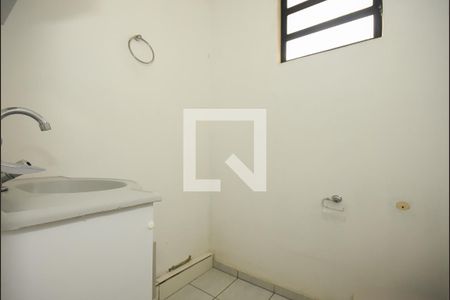 Lavabo de casa para alugar com 3 quartos, 200m² em Jardim Maria Rosa, Taboão da Serra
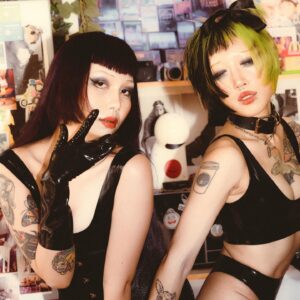 Pemika Wongsurakarn Instagram - Porcelain Dolls with Black Latex 🙇🏼‍♀️🙇🏻‍♀️🖤✨

🙇🏼‍♀️ @sadsadthings.avi 
🙇🏻‍♀️ @destroy.angel.bondage 
📸 @pawaris.jiam 
📍ART HOUSE 33 Studio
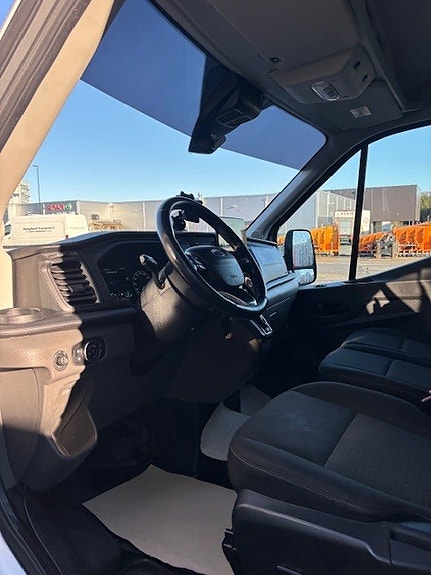 Ford Transit 22 of 24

────────────────────

▶ _EXERCISE DIRECTIONS_: Leave the pictures out and print the records above exactly as they stand.

▶ _RESPONSE_:
 Lavabo de casa para alugar com 3 quartos, 200m² em Jardim Maria Rosa, Taboão da Serra
 Pemika Wongsurakarn Instagram - Porcelain Dolls with Black Latex 🙇🏼‍♀️🙇🏻‍♀️🖤✨

🙇🏼‍♀️ @sadsadthings.avi 
🙇🏻‍♀️ @destroy.angel.bondage 
📸 @pawaris.jiam 
📍ART HOUSE 33 Studio
 Ford Transit 22 of 24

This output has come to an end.